## PROVIDED DATA
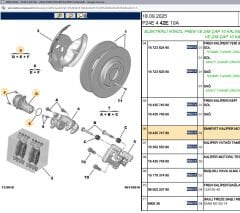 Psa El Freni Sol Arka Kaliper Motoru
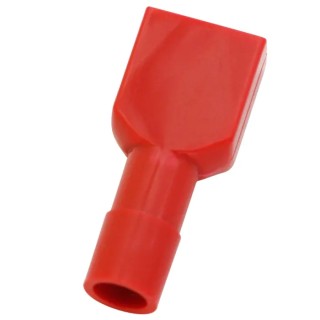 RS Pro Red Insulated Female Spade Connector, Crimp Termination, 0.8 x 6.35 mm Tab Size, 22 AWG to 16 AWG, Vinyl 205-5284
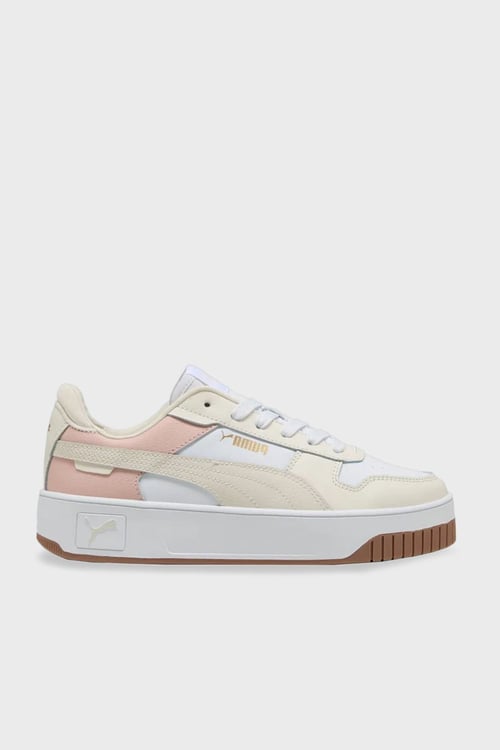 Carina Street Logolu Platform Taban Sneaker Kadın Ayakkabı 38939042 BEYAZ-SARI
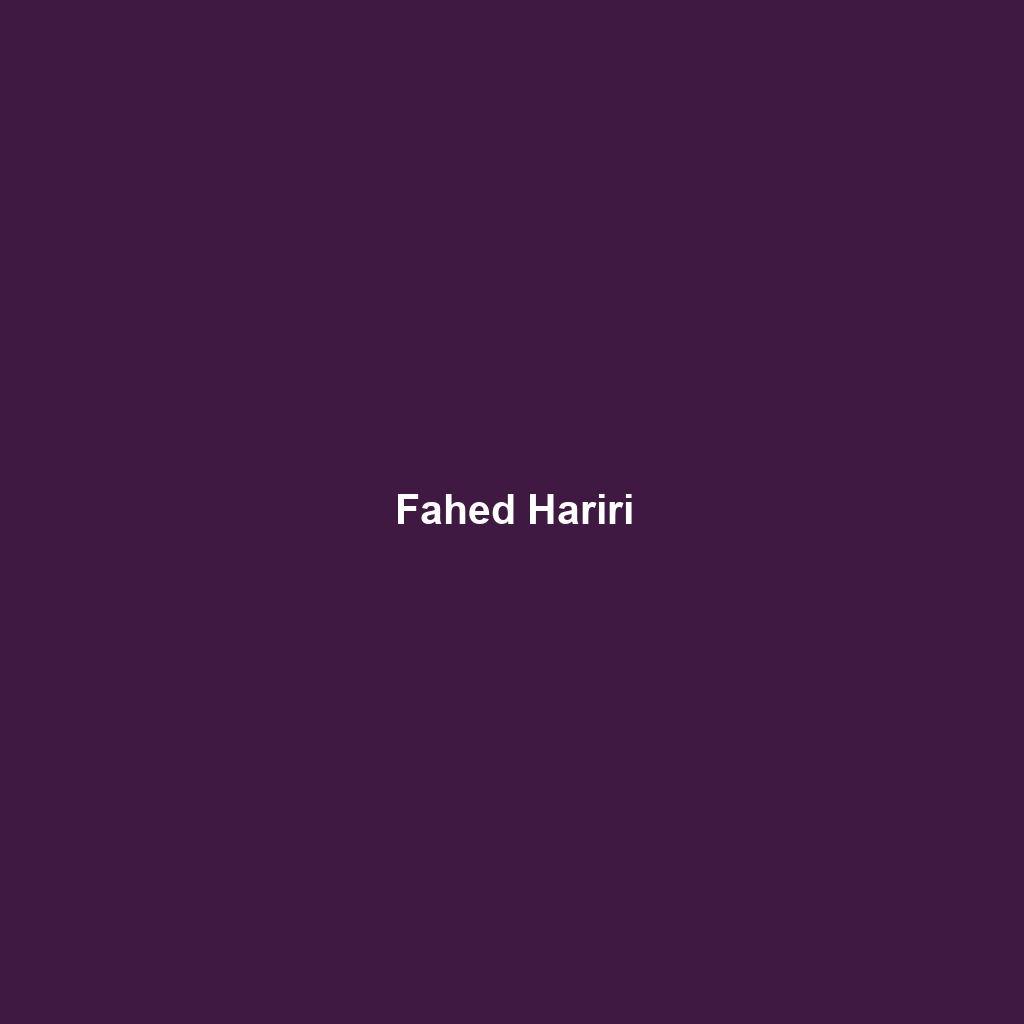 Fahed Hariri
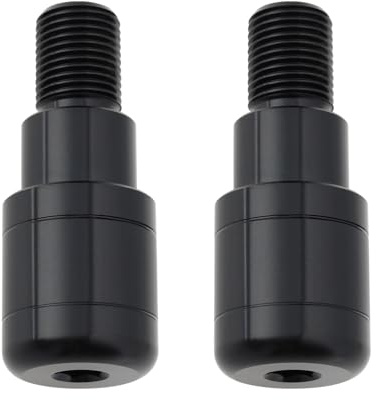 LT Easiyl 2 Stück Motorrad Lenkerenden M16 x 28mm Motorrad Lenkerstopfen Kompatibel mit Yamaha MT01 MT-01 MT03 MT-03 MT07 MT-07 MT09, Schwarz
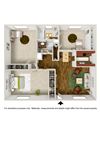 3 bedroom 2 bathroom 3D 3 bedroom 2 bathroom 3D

## REQUIREMENT
Nothing but the lines from the line with "Carina Street Logolu" through the end of the listing should appear in the answer, each duplicated exactly, without pictures.

## ANSWER FOR THE TASK
 Carina Street Logolu Platform Taban Sneaker Kadın Ayakkabı 38939042 BEYAZ-SARI
 Fahed Hariri
 LT Easiyl 2 Stück Motorrad Lenkerenden M16 x 28mm Motorrad Lenkerstopfen Kompatibel mit Yamaha MT01 MT-01 MT03 MT-03 MT07 MT-07 MT09, Schwarz
 3 bedroom 2 bathroom 3D 3 bedroom 2 bathroom 3D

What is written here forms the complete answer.